• **PROBLEM REQUIREMENTS**
In the entries that follow, the line with "Wharf Place, Dartmouth" opens the range and the line with "2 bedroom flat" closes it; repeat that range exactly, both lines included.
DATA SUPPLIED section start
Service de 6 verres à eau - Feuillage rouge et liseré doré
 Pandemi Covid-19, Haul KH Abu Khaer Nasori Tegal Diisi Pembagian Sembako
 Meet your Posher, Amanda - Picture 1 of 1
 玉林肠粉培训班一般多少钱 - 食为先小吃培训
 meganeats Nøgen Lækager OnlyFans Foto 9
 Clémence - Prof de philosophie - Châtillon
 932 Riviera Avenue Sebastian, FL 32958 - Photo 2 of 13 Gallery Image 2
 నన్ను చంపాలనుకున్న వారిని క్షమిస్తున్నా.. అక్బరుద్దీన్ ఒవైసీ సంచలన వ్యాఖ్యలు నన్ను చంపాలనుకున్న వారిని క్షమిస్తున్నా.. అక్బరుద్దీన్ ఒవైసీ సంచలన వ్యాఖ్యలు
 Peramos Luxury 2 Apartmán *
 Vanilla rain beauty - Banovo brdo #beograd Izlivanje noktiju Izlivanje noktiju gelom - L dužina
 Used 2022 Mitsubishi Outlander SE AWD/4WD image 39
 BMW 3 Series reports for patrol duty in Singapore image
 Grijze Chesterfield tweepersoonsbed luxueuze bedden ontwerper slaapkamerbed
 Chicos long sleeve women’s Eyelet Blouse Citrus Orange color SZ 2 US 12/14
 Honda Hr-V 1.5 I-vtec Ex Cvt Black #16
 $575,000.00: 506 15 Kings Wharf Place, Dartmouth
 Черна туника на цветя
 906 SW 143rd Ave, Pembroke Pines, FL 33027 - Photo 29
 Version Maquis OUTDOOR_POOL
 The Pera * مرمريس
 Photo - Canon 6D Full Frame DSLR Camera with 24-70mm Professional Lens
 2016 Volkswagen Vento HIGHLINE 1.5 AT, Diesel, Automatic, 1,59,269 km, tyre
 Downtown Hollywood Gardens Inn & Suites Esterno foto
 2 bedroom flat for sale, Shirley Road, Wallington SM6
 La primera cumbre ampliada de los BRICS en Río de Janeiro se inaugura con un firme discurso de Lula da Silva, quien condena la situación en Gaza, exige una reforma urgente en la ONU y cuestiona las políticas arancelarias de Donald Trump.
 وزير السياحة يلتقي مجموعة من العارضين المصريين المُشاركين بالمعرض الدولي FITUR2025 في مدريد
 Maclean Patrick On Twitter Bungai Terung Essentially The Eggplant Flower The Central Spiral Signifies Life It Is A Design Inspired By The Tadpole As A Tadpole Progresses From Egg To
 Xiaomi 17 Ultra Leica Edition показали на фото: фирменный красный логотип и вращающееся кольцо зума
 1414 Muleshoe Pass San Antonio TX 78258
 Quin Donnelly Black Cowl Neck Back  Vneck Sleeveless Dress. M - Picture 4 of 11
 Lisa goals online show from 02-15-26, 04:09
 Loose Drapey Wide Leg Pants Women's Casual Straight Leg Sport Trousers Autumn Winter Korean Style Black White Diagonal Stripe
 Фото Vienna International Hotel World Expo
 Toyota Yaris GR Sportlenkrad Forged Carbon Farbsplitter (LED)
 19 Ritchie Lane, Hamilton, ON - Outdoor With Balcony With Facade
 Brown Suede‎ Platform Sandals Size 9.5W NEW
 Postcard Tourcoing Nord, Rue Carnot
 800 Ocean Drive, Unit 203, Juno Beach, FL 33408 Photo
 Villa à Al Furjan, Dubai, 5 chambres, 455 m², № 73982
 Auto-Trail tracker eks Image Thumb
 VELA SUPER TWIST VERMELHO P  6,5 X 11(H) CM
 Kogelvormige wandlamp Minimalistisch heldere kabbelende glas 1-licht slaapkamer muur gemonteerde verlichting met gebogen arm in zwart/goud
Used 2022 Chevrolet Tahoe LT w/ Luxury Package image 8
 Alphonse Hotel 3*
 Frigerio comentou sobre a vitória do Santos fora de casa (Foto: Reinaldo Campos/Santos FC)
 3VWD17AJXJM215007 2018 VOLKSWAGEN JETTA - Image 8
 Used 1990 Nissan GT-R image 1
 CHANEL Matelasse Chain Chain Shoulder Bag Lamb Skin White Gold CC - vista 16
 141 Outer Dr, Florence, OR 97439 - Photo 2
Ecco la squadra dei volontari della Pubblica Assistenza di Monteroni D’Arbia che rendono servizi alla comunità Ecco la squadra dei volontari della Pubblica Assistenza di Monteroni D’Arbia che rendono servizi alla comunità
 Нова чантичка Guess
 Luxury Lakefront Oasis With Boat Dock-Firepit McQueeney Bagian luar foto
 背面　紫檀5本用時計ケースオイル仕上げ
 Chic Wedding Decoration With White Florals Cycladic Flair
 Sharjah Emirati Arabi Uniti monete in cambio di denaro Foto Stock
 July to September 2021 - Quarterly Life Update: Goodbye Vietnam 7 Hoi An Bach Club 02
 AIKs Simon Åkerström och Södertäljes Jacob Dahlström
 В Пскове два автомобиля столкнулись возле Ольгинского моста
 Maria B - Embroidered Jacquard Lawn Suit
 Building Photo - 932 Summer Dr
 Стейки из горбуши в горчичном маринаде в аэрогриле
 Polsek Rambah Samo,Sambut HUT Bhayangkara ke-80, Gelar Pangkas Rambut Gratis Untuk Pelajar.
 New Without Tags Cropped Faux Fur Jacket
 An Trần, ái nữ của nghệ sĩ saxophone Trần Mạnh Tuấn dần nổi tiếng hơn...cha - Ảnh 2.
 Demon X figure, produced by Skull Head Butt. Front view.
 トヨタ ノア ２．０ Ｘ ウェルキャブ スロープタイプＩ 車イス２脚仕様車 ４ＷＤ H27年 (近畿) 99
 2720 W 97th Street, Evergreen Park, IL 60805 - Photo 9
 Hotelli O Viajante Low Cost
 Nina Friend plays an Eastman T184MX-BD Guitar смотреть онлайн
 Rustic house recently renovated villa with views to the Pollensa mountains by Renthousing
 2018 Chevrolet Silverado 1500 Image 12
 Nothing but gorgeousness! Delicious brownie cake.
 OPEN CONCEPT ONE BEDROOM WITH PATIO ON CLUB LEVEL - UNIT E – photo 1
DATA SUPPLIED section end
• **YOUR RESPONSE**
 $575,000.00: 506 15 Kings Wharf Place, Dartmouth
 Черна туника на цветя
 906 SW 143rd Ave, Pembroke Pines, FL 33027 - Photo 29
 Version Maquis OUTDOOR_POOL
 The Pera * مرمريس
 Photo - Canon 6D Full Frame DSLR Camera with 24-70mm Professional Lens
 2016 Volkswagen Vento HIGHLINE 1.5 AT, Diesel, Automatic, 1,59,269 km, tyre
 Downtown Hollywood Gardens Inn & Suites Esterno foto
 2 bedroom flat for sale, Shirley Road, Wallington SM6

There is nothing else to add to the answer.